Au Pérou, l’Église exhorte à lutter contre la pauvreté en hausse
Marie Duhamel – Cité du Vatican
Ce dimanche, le Pérou est devenu le deuxième pays, après la Pologne, à sortir d’un programme de soutien du Fond monétaire international, l’occasion pour le FMI de faire le point sur sa santé économique. Malgré des tensions sociales liées à l’arrivée au pouvoir de Dina Boluarte en janvier 2023 et aux effets notables du changement climatique, le Fonds note une croissance qui repart et devrait atteindre 2,5% cette année, mais aussi un niveau de devise suffisant, une dette extérieure faible et un déficit public contenu.
Des statistiques déchirantes
Pourtant, la pauvreté atteint un niveau record, comme l’indique un rapport de l’Institut national des statistiques publié il y a deux semaines. Le président de la Conférence épiscopale s’est ému la semaine dernière dans une déclaration de ces «déchirantes statistiques témoignant de la magnitude de la pauvreté» dans le pays. Près d’un tiers de la population est touchée, 29% contre 27,5% l’an dernier. Ce sont 9,8 millions de personnes résidant encore essentiellement dans les zones rurales, bien que le taux de pauvreté augmente dans les villes. Les populations autochtones et les enfants sont particulièrement touchés. «43,1% des petits âgés de 6 mois à 3 ans souffrent aujourd’hui d’anémie», déplore Mgr Miguel Cabrejos Vidarte, OFM. Cela révèle, dit-il, la cruelle réalité que vit notre pays. C’est une situation qui «interpelle le ciel». Et le président de la Conférence épiscopale et archevêque de Trujillo, une des trois villes les plus chères du pays, d’interpeler les fidèles.
L’option préférentielle pour les pauvres
La clameur des pauvres ainsi que leurs souffrances retentissent dans le cœur de l’Église, lance-t-il. Parce que «Jésus enseigna à ses disciples que la vraie essence de la religion implique de prendre soin des plus défavorisés», l’option préférentielle pour les pauvres est inhérente à la foi, écrit Mgr Cabrejos Vidarte, soulignant que la mission de l’Église est de poursuivre le travail de Jésus, d’évangéliser les pauvres et de libérer les opprimés. Pour l’archevêque de Trujillo, toute indifférence face à la pauvreté équivaudrait à être complice de l’injustice et des souffrances de ses concitoyens. Il appelle donc les fidèles à entendre leur cri et à réagir en se retroussant les manches, convaincus comme le Pape François que «si on marginalise les pauvres, comme s’ils étaient coupables de leur condition, la démocratie entrerait en crise et les politiques sociales seraient un échec» et comme le Pape Jean-Paul II qu’il ne faut pas se contenter de faire l’aumône pour «travailler à la transformation des structures qui engendrent la pauvreté».
L'Église, la société civile et les politiques appelés à l'action
Il faut ainsi redoubler d’efforts, clame Mgr Cabrejos Vidarte, pour garantir des services de qualité dans les domaines de la santé, de l’éducation et de la sécurité sociale.
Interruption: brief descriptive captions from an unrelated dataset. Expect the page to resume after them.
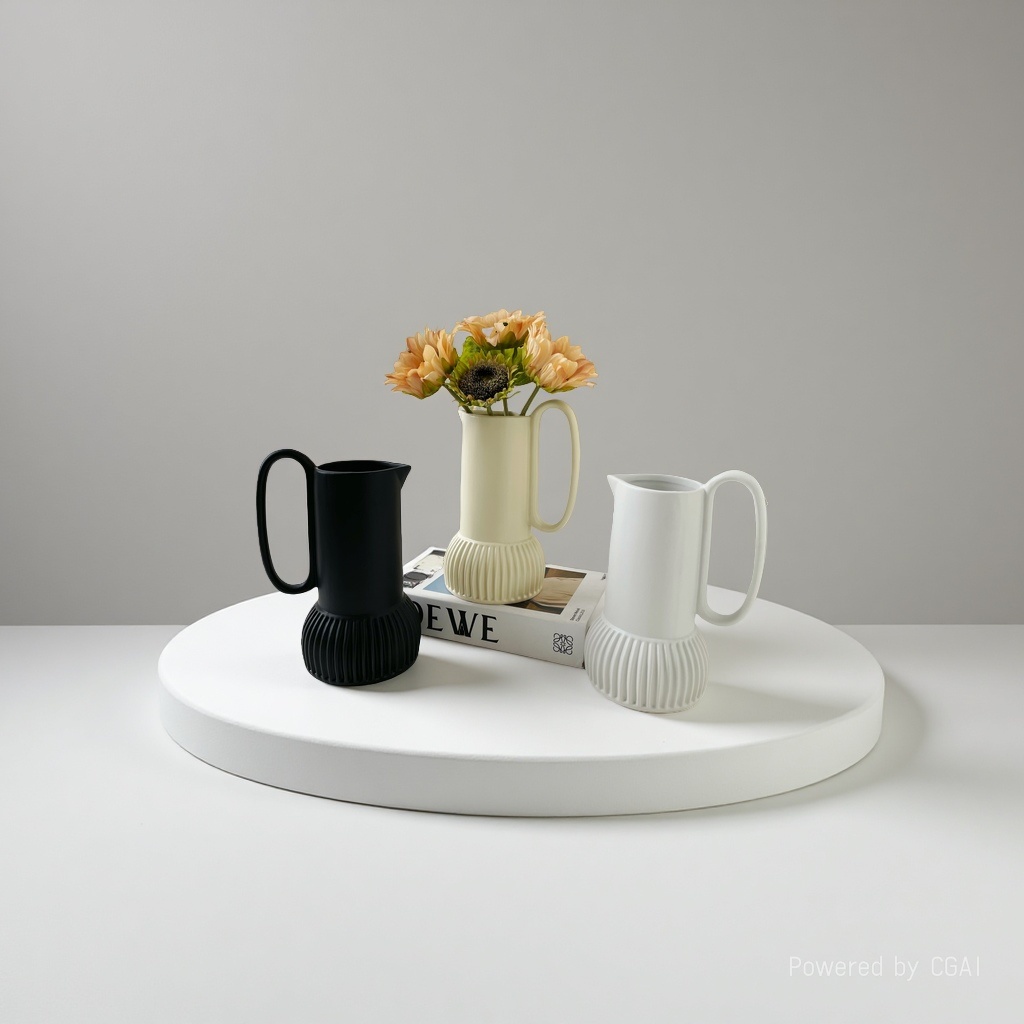 Ceramic handle teapot vase 091648492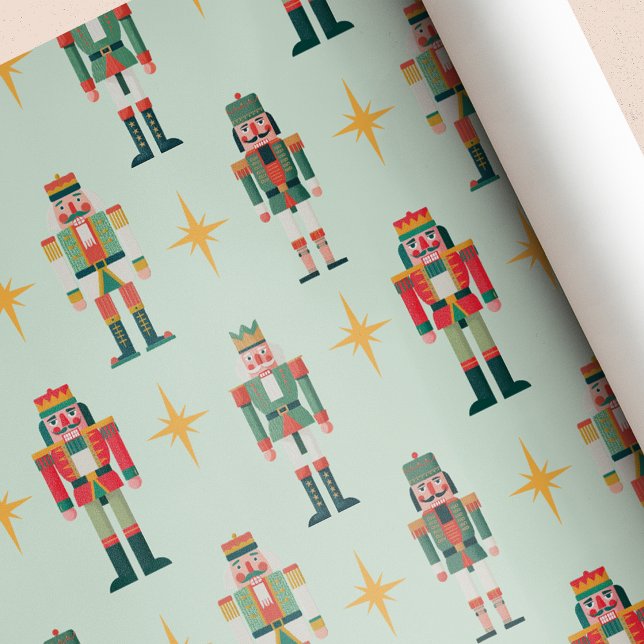 Retro Nutcracker Weihnachten Geschenkpapier (Von Creator hochgeladen)
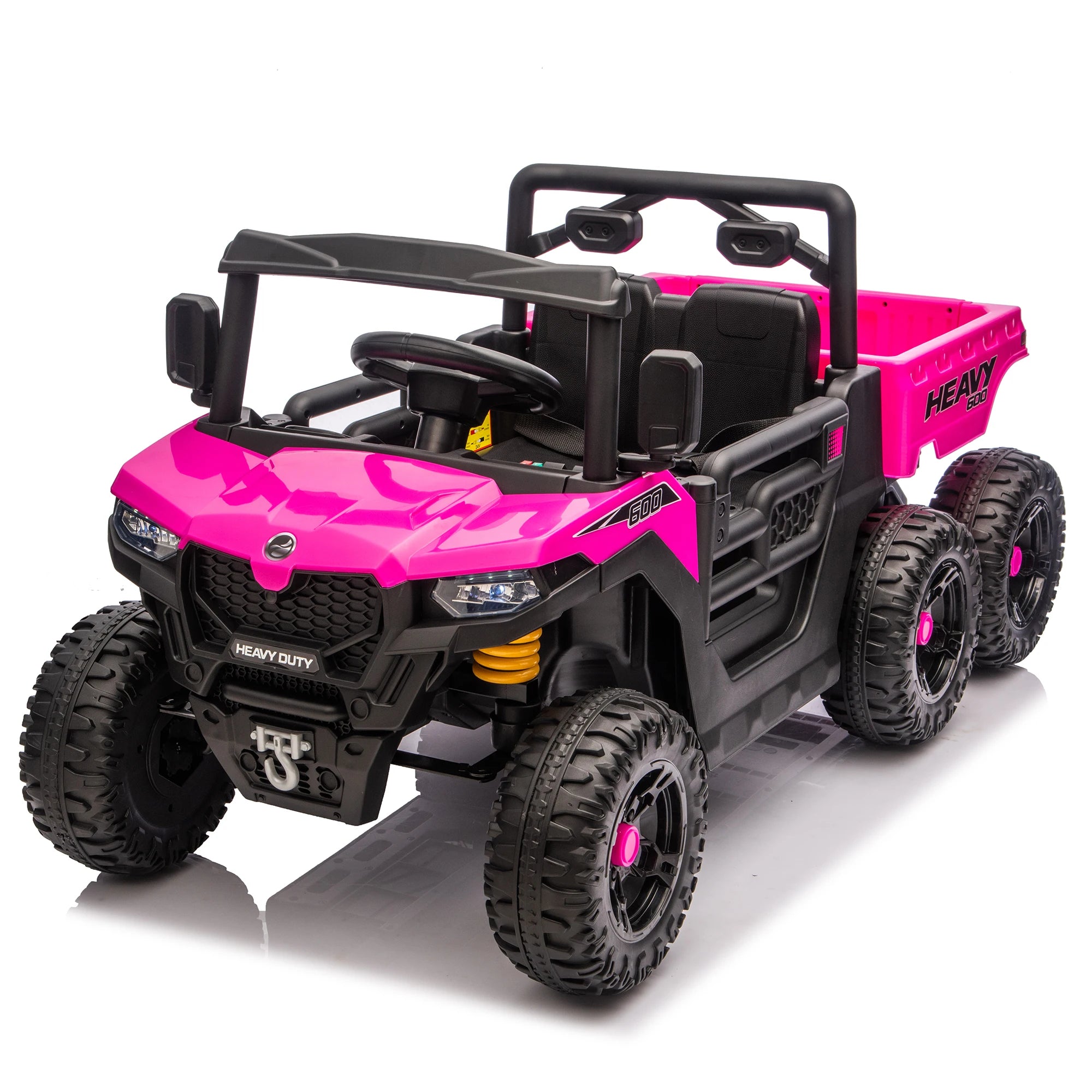 24V 400W Kids Ride on Electric Tractor with Parent Remote Control Suspension Bluetooth Music 1.86-3.11MPH for Kids Pink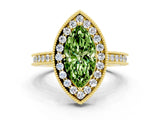 Yellow gold Marquise Cut Halo Diamond Engagement Ring with Milgrain Pave Band and Four-Prong Setting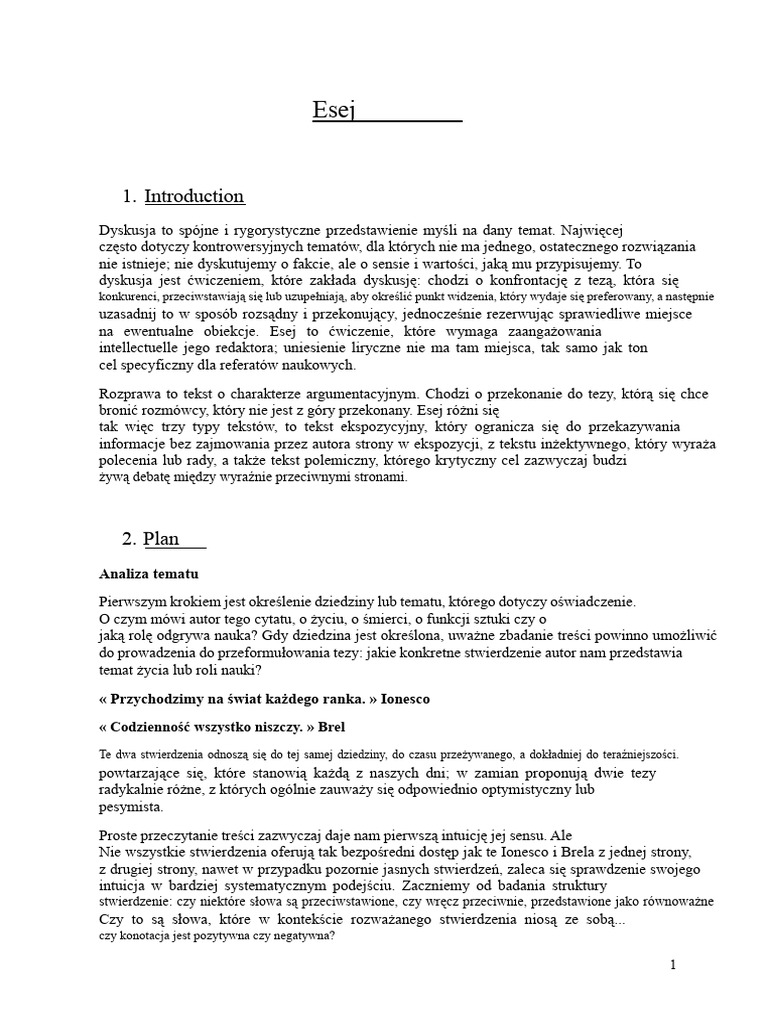Kurs Na Temat Rozprawki | PDF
Il souhaite également un accès équitable aux instances de participation des citoyens, car les plus défavorisés ont eux-aussi des droits fondamentaux.
Au nom de la Conférence des évêques, il assure que l’Église poursuivra son travail de défense et de promotion du droit des pauvres pour que leur dignité soit respectée. Elle renforcera les synergies entre ses différentes œuvres sociales, pour les rendre plus efficaces.
Mais l’Église interpelle aussi la société civile pour qu’elle veille à la réalisation des entreprises sociales et, bien sûr, les politiques afin «qu’ils assument leurs responsabilités» et s’en prennent aux causes de la pauvreté et de l'inégalité «par le biais de la coresponsabilité sociale et de la solidarité» afin de les surmonter et de progresser vers un développement humain intégral. «Il est nécessaire, juge l’archevêque, de promouvoir des initiatives et des stratégies visant à attirer les investissements, mais aussi des politiques sérieuses de lutte contre la corruption, afin de garantir un avenir plus digne et des possibilités de progrès à tous». C’est ainsi toute la société péruvienne qui est appelée là à l’action.